If I replace the "xsd:include" element with a "xsd:import" element
then I still see problems 1 and 2 above.

I suspect that Problem 1 is a bug in Xerces. However, I am not sure about
Problem 2. Is that a bug? Or am I misunderstanding the division of
responsibilities between Xerces and the application developer? Does the
application developer (that is, me) have to walk the DOM tree to find
all "xsd:include" or "xsd:import" elements and call Xerces to parse each
of the specified files and then somehow merge the multiple parse trees?
If this is the case then I would appreciate some pointers to relevant
parts of the Xerces documentation or demos that illustrate this.

Below is the code (cut-n-pasted from my much longer application) that I
use to parse XML files.
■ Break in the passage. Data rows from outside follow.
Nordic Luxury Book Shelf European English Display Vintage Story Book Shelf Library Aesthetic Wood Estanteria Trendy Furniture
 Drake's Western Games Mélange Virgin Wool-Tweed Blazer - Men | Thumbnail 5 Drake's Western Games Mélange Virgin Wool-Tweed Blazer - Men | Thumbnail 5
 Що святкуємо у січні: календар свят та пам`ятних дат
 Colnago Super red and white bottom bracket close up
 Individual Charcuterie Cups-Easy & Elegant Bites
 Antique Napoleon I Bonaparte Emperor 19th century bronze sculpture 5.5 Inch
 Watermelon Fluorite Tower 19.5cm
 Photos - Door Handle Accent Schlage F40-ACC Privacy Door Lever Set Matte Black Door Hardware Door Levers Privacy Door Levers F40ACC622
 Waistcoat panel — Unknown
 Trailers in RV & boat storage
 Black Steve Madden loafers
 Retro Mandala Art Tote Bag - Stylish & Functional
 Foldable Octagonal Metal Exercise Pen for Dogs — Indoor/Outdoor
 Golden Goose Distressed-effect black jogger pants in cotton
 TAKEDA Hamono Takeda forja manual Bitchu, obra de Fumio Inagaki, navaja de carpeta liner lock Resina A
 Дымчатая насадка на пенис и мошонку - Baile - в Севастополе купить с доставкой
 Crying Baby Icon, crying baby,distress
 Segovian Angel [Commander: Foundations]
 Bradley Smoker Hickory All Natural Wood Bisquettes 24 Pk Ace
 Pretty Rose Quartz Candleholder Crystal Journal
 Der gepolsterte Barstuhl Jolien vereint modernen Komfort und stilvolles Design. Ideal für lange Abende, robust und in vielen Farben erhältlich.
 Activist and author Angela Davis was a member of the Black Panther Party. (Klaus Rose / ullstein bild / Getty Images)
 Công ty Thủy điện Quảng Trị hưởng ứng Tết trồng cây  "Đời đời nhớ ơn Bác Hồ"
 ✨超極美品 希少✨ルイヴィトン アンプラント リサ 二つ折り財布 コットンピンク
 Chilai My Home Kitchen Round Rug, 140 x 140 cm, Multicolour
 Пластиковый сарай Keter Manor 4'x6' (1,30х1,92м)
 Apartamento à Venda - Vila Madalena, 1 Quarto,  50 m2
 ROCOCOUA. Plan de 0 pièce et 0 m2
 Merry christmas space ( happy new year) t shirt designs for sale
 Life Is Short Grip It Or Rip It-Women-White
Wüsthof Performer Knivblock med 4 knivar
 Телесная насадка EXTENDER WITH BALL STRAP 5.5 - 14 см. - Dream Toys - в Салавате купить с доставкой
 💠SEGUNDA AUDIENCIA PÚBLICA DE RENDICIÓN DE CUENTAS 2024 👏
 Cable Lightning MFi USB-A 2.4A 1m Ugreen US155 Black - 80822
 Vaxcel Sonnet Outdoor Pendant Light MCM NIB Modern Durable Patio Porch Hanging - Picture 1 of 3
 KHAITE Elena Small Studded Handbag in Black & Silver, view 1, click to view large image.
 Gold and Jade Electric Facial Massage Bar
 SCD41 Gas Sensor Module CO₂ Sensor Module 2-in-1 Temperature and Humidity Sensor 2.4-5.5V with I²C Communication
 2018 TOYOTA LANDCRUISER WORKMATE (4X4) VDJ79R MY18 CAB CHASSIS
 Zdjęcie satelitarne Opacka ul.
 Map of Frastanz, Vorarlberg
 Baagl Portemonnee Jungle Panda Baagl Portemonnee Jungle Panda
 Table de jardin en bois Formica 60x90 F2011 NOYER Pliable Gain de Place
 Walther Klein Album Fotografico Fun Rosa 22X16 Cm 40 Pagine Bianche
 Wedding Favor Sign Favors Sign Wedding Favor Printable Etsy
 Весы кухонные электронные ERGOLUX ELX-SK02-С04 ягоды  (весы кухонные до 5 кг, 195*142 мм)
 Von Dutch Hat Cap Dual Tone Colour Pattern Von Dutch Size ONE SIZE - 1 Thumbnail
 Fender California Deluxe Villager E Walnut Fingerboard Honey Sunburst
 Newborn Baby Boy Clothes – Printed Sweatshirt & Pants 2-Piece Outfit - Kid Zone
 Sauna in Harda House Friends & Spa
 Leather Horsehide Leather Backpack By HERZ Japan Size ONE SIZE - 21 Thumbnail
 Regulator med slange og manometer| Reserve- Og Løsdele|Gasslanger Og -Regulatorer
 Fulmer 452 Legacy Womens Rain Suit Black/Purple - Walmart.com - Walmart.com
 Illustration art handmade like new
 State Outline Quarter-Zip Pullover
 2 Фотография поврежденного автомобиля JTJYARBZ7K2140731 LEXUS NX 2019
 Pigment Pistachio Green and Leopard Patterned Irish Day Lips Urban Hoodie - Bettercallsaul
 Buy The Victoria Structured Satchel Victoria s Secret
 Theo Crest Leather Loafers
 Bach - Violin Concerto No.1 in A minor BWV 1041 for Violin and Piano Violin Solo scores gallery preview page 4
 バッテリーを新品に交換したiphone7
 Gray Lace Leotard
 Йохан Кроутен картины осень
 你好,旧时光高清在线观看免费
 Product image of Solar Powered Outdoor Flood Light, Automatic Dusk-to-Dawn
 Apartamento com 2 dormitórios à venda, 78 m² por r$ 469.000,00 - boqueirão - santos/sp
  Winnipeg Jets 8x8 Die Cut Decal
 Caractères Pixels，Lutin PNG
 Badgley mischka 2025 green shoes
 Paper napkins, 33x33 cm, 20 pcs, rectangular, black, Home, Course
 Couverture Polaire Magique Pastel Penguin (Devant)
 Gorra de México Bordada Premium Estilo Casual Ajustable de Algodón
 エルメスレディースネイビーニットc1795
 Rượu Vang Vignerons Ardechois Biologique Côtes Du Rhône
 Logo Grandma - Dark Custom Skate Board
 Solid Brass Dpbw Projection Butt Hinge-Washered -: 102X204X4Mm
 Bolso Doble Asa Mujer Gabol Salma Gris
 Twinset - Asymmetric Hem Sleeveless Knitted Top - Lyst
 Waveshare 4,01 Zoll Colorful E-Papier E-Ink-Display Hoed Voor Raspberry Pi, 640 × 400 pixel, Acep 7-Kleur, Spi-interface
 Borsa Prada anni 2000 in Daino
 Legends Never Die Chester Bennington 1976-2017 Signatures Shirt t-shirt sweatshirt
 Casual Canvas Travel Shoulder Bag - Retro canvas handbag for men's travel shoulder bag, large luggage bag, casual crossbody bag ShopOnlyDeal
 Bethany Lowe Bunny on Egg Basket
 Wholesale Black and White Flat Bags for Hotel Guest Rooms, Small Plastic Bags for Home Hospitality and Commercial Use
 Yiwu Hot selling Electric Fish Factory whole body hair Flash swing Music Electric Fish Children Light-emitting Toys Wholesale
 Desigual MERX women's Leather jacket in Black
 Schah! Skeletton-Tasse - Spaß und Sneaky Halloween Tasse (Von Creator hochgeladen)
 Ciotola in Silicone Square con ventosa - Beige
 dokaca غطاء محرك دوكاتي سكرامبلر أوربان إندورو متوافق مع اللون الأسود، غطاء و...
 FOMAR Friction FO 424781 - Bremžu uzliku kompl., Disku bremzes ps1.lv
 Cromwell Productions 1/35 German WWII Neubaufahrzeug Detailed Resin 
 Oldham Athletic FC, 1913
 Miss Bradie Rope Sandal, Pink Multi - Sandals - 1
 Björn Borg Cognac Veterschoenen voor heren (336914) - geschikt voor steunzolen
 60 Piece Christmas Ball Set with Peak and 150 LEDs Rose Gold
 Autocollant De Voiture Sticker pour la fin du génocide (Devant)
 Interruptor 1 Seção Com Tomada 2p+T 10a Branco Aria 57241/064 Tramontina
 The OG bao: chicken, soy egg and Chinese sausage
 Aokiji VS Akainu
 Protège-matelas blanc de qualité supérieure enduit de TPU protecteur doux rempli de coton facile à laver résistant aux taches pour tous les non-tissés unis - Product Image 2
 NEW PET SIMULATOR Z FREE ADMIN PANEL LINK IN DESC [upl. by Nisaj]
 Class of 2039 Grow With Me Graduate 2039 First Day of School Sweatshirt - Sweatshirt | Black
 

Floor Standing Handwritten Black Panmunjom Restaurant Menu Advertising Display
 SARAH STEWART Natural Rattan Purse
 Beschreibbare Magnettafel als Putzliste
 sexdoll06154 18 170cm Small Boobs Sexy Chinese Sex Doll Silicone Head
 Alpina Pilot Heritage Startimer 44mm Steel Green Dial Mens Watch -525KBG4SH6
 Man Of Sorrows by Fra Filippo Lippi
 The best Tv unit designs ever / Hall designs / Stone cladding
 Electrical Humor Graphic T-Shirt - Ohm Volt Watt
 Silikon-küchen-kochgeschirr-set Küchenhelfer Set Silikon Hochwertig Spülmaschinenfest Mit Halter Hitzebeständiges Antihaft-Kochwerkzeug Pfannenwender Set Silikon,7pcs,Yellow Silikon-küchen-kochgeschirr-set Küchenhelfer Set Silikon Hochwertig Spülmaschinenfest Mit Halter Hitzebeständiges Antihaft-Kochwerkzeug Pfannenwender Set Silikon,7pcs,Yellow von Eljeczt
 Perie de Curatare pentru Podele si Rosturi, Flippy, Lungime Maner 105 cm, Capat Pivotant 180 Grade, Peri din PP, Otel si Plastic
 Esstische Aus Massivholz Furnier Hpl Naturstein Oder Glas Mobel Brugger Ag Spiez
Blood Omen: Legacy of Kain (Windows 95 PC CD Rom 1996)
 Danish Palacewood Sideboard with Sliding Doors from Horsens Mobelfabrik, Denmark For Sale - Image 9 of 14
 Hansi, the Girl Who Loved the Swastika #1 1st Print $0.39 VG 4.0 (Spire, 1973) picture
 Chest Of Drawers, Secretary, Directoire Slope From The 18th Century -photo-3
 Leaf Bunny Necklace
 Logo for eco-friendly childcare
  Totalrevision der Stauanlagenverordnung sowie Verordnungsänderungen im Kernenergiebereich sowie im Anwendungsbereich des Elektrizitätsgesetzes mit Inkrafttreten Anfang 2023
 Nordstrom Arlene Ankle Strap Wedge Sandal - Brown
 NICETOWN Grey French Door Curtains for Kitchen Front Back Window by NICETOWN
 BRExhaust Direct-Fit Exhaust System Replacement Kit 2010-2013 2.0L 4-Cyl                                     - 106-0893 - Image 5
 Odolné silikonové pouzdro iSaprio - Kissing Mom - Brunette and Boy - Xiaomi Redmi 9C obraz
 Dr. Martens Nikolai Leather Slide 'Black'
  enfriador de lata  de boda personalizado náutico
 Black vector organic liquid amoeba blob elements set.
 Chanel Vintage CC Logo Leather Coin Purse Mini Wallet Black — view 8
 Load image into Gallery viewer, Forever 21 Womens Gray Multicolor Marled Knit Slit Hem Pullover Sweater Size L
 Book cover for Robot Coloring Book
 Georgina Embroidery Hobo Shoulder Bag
Perhaps somebody on this mailing list can spot if
I am neglecting to set a relevant option on the parser.

----start of code to use parse file----
// inputFile = name of input file
// isXsdFile = true if input filename ends with ".xsd"

try {
	XMLPlatformUtils::Initialize();
} catch(XMLException & ex) {
	cerr	<< "XMLPlatformUtils::Initialize() failed: "
		<< StrX(ex.getMessage())
		<< endl;
	return false;
}
DomXmlParserErrorHandler 	err_handler;
parser = new XercesDOMParser();

parser->setDoNamespaces(true);
parser->setCreateEntityReferenceNodes(true);
parser->setErrorHandler(&err_handler);
if (isXsdFile) {
	parser->setDoSchema(false);
	parser->setValidationSchemaFullChecking(false);
	parser->setValidationScheme(XercesDOMParser::Val_Never);
} else {
	parser->setDoSchema(true);
	parser->setValidationSchemaFullChecking(true);
	parser->setValidationScheme(XercesDOMParser::Val_Always);
}
try {
	if (isXsdFile) {
		parser->loadGrammar(inputFile,
				Grammar::SchemaGrammarType, true);
	}
	parser->parse(inputFile);
} catch(const XMLException & ex) {
	cerr	<< "ERROR: " << nputFile << ": "
		<< StrX(ex.getMessage())
		<< endl;
	delete parser;
	return 0;
}
----end of code to use parse file----


Regards,
Ciaran.
--
Ciaran McHale, Ph.D.        Email: Ciaran.McHale@iona.com
Principal Consultant        Tel: +44-(0)7866-416-134 (mobile)
IONA Technologies, UK       Tel: +44-(0)118-954-6632 (home office)
                             Fax: +44-(0)118-954-6767


Re: xsd:include and xsd:import

Posted by Ciaran McHale <ci...@iona.com>.
Hi folks,

First off, thanks to David, Boris and Axel for their very helpful
responses. I have been subscribed to this mailing list for a few
months and have found that it has a very high signal to noise ratio.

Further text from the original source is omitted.